Man gründete die Band The Gun Club. Man trank viel, stand auch sonst Drogen aufgeschlossen gegenüber, war laut und rumpelte den robustesten und modernsten Krachsound daher, den es zu jener Zeit gab.
Pierce habe ihm angeboten, er könne ihm »Gitarrespielen beibringen, wie es die Bluesmusiker täten«, sagte Kid Congo Powers einmal, »dann bräuchte ich nur zu schrammeln. Ich war einverstanden.« Anfangs habe er mit seiner Gitarre »nur einen Höllenlärm« erzeugt, »bis es einigermaßen nach etwas klang«. Und tatsächlich verfeinerte der Mann seine überzeugende Spieltechnik im Lauf der Zeit. Was folgte, waren Dröhnen, Dengeln, Feedbackpfeifen und eine grundsolide Überzeugung, die über Jahre hinweg gepflegt wurde: »Wir hatten kein Interesse an der Zukunft. Wir wollten die Zukunft zerstören.«
Danach trat der ursprünglich aus Mexiko stammende schwule Punkgitarrist eine Erkundungsreise durch die düstersten Bands der 80er Jahre an: Für einige Jahre wurde er Mitglied der Sex-Trash-Rockabilly-Noise-Combo The Cramps, kehrte kurzzeitig zum Gun Club zurück, bevor er schließlich nach Westberlin ging und die zweite Hälfte der 80er Jahre mit Nick Cave und den Bad Seeds und im Umfeld der Einstürzenden Neubauten verbrachte. Nicht wenig beeindruckend angesichts seiner Musikerlaufbahn ist, dass der Mann sich noch an die 80er zu erinnern scheint bzw. noch am Leben ist. Sein einstiger Gun-Club-Kompagnon Jeffrey Lee Pierce starb 1996, mit 37 Jahren. Vor beinahe fünf Jahren starb der Sänger der Cramps, 62-jährig.

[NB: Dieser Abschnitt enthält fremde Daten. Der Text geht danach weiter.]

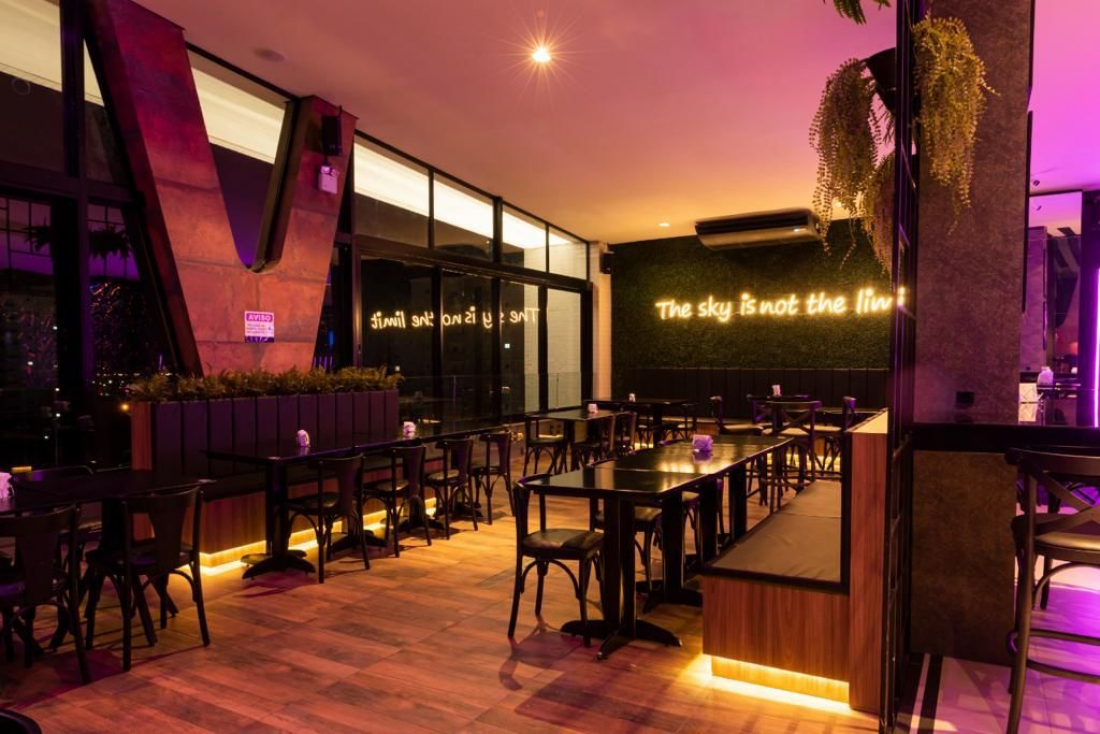 Sky7 Rooftop: Tubarão conta com local único para confraternizar no topo da cidade com estilo
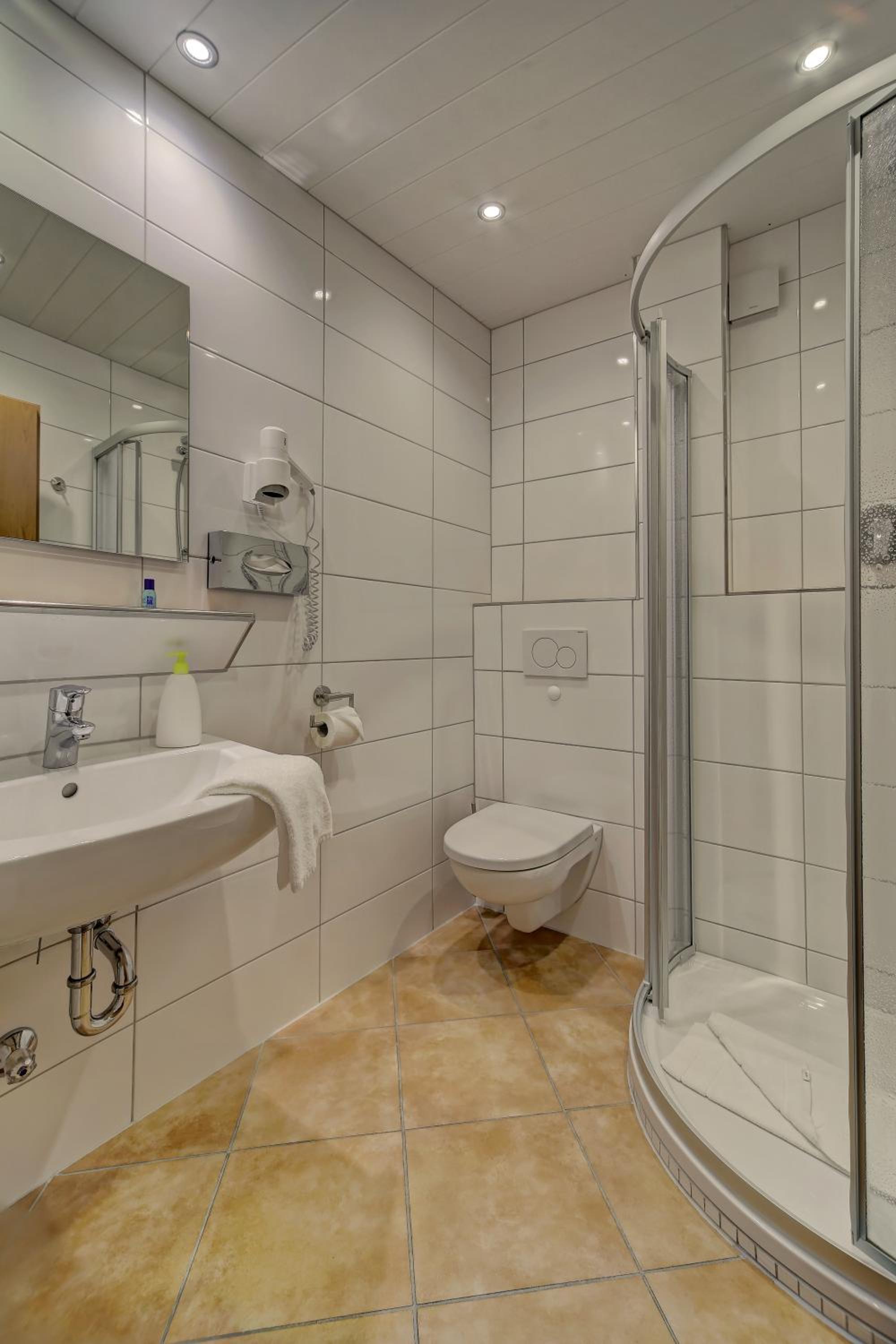 Standard Double Room - Photo 10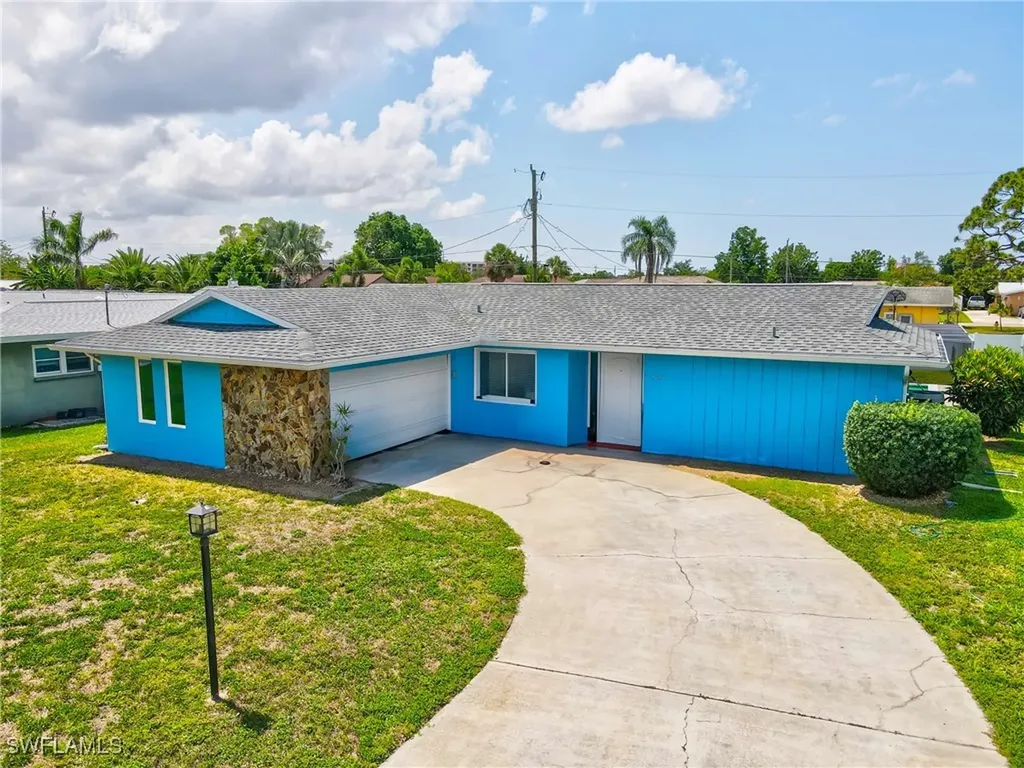 240 SE 46th Terrace Cape Coral FL 33904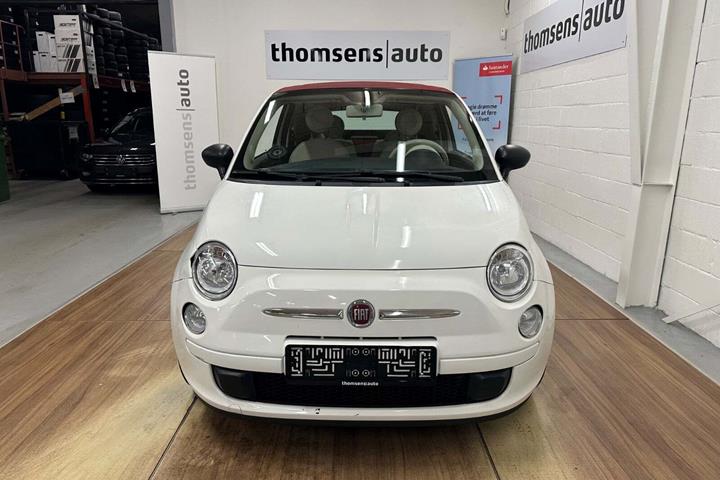 Hvid Fiat 500C fra 2013 set udefra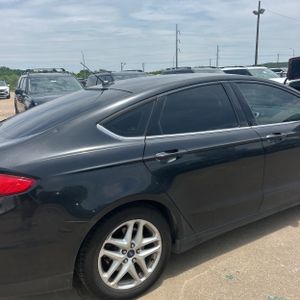 FORD FUSION SE - 9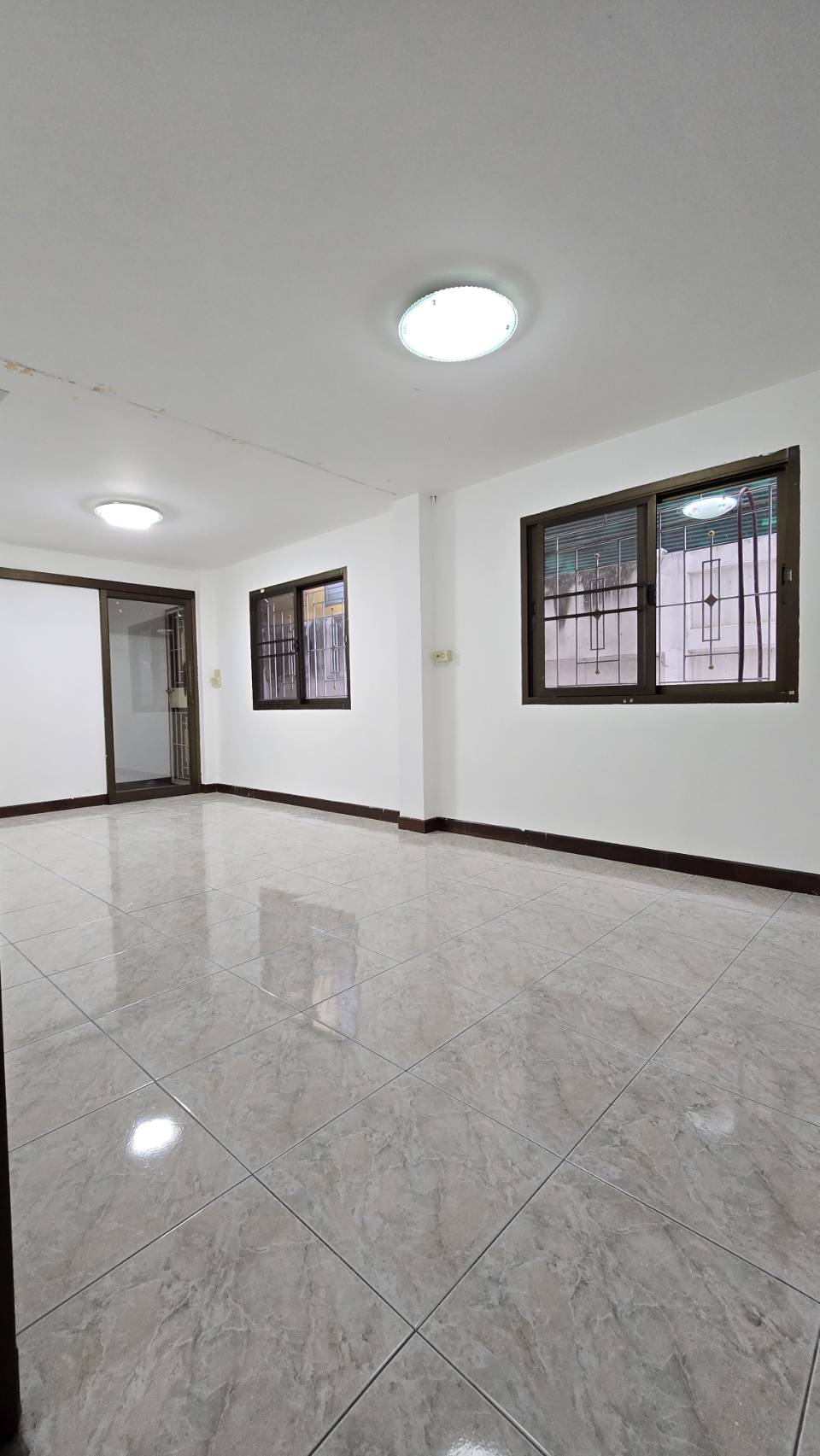 ประกาศฟรี! ซื้อ-ขาย-เช่า คอนโด บ้าน ทาวน์โฮม ที่ดิน และพื้นที่เชิงพาณิชย์ทั่วประเทศไทย ทุกทำเล ทุกงบประมาณ ไม่มีค่าใช้จ่าย ลงง่าย ขายไว เข้าถึงผู้ซื้อโดยตรง 3 169212pic2.jpg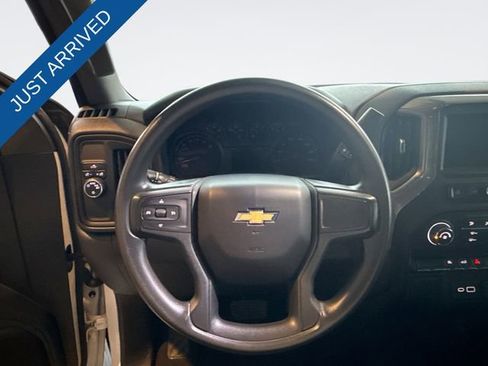 Used 2022 Chevrolet Silverado 1500 Custom image 14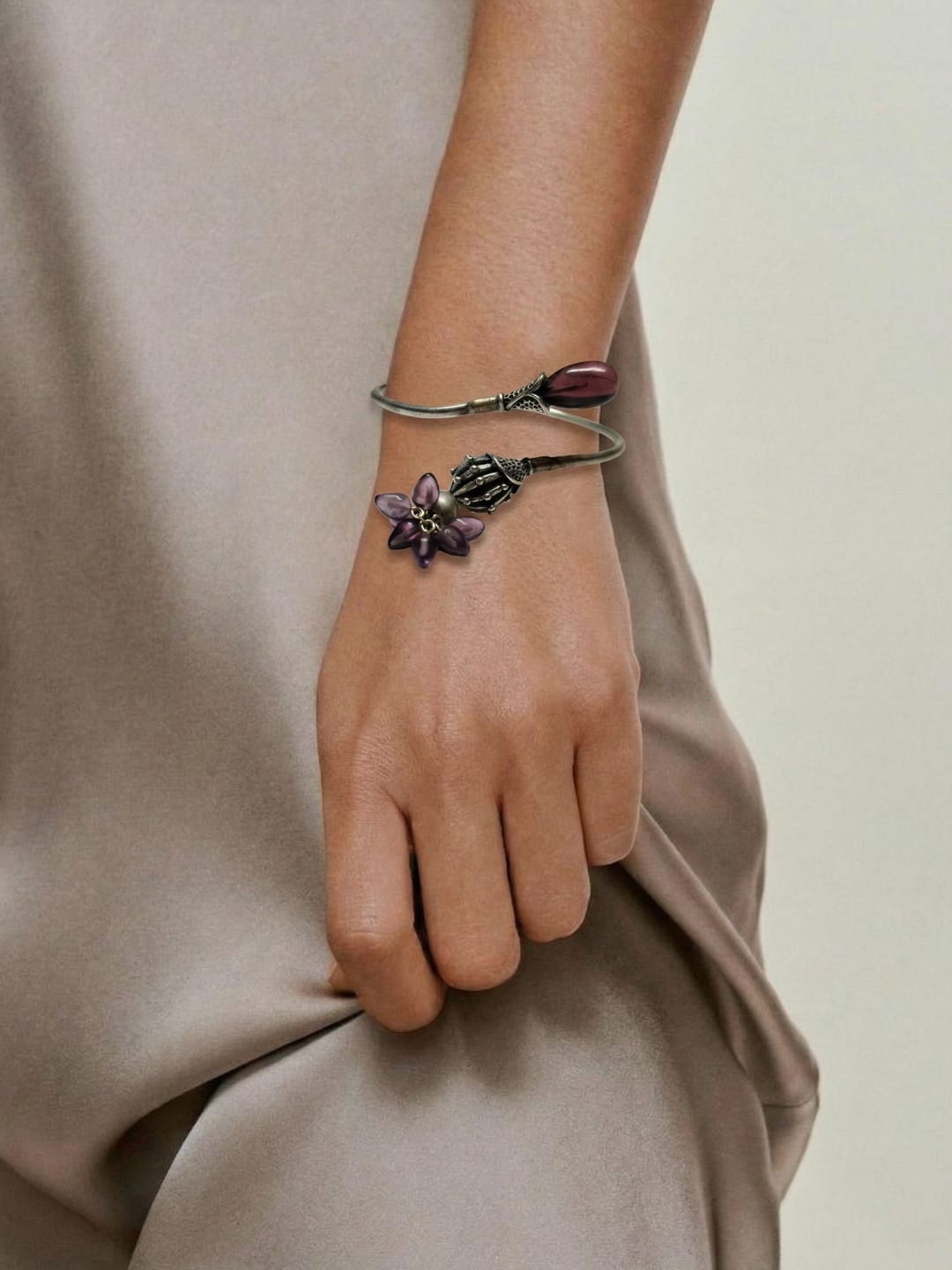 Raag Cuff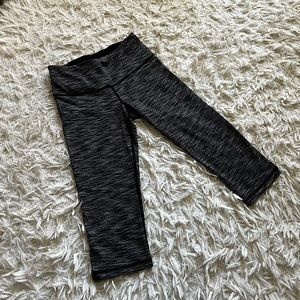 Victoria’s Secret Knockout Crop Legging XS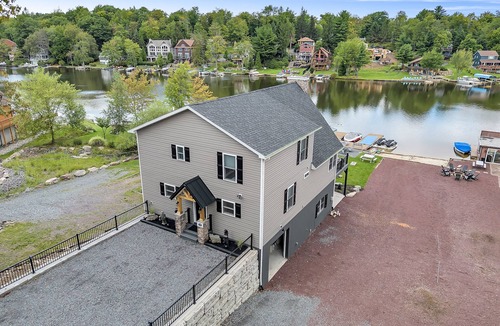Lake Harmony House | Great Lake Escape by PMR, 8BR Lakefront, Private Dock & Sun Deck, Sleeps 26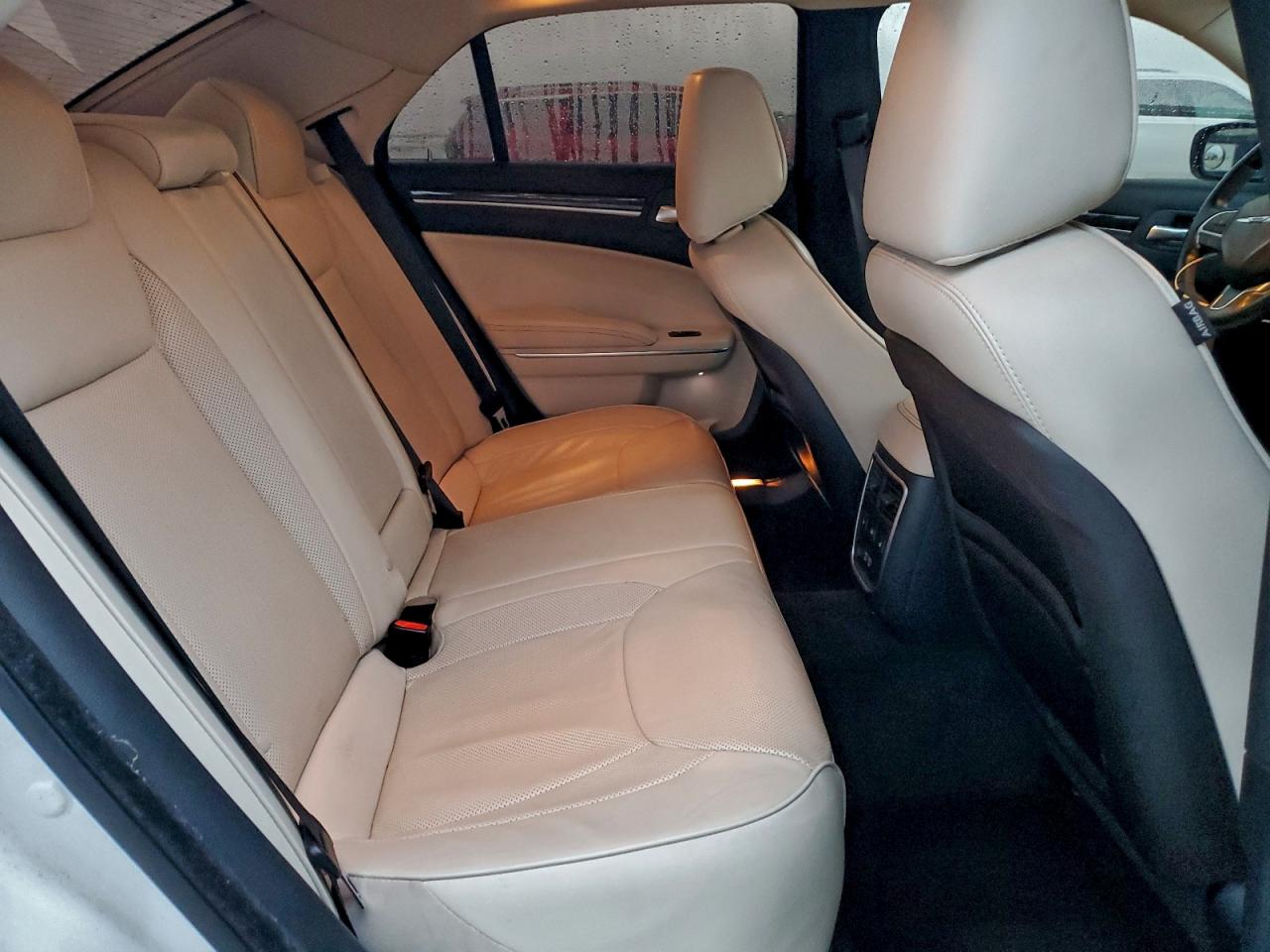 Chrysler 300 Image 10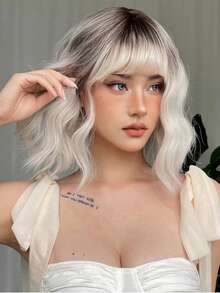 时尚12英寸黑灰渐变波波头假发，带刘海，女士适用 - 卷曲波浪合成发，高密度150%，是万圣节、角色扮演和派对活动的理想之选，假发配件 - 白色 - 查看 4
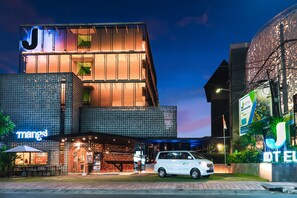 Exterior - J Hotels Kuta (Kuta)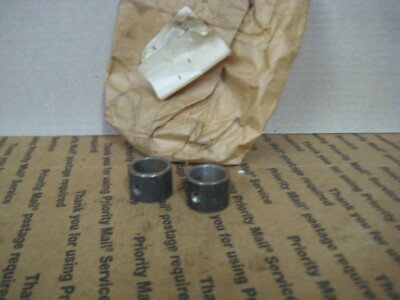 2 NOS International Harvester Spacers 470884R1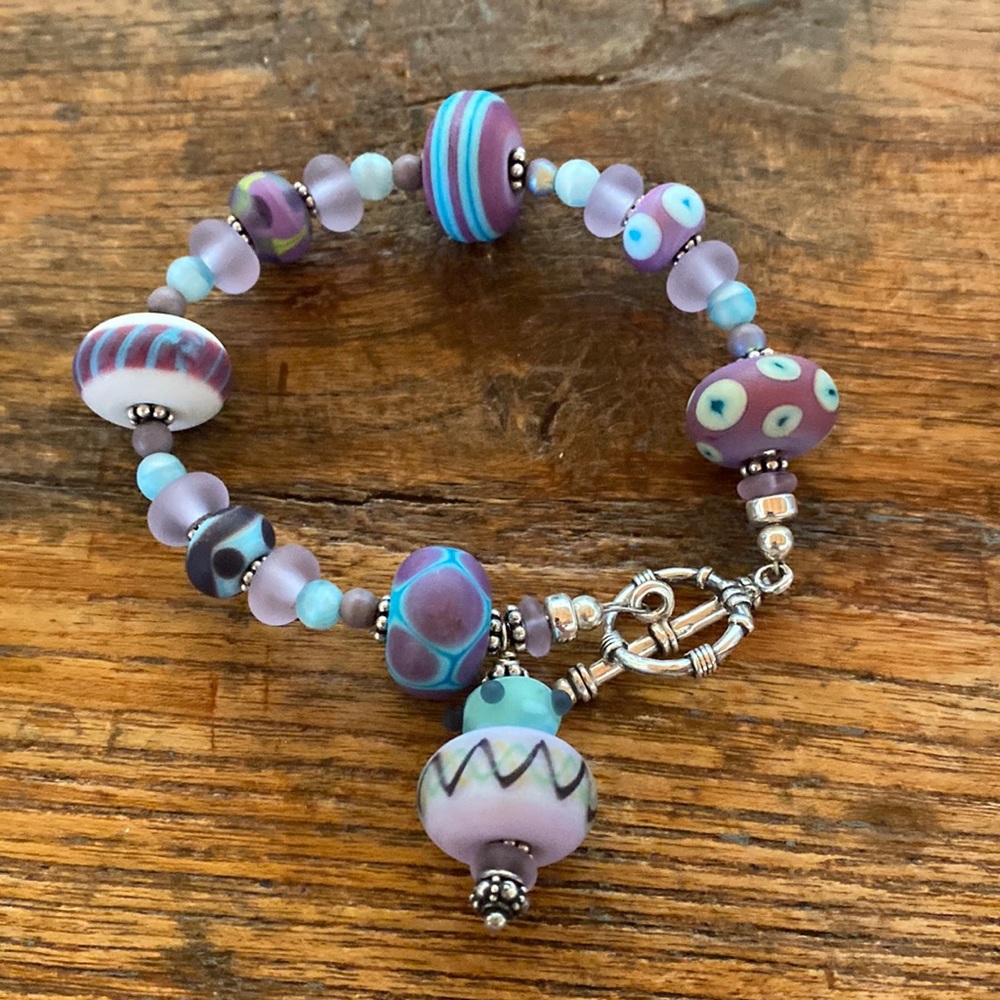 BEAUTIFUL HANDMADE BEAD BRACELET with SILVER ACCENT BEADS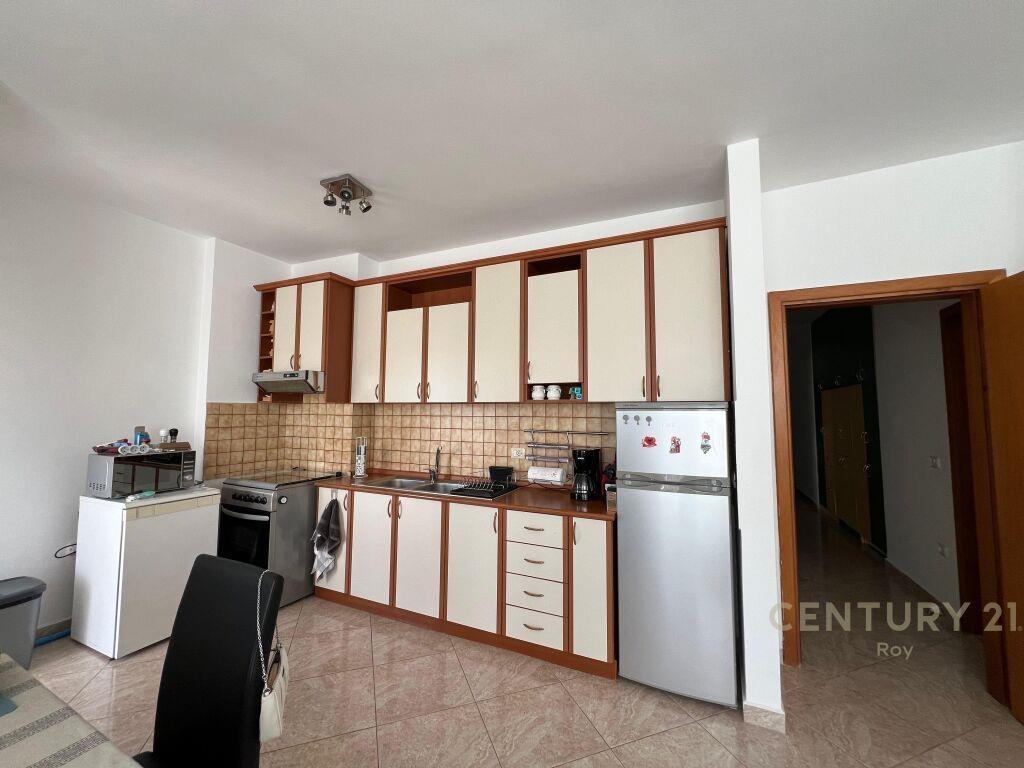 Shitet Apartament 2+1 në Mali i Robit, Durrës !!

Die Formation, mit der mittlerweile auch schon 52-jährige Kid Congo Powers seit über zehn Jahren durch eher kleine Clubs tingelt, heißt The Pink Monkeybirds, »die pinkfarbenen Affenvögel«. Eine Prognose sei an dieser Stelle gewagt: Die Intensität des musikalischen Vortrags dürfte dessen Raffinesse übersteigen. Statt feinsinnigem Virtuosentum sollte man also eher einen wenig subtilen Voll-auf-die-Zwölf-Hauruck-Garagenpunk erwarten.
Kid Congo Powers & The Pink Moneybirds, am 9.12. im »Monarch«, Skalitzer Str.134, 10999 Berlin, 10 €.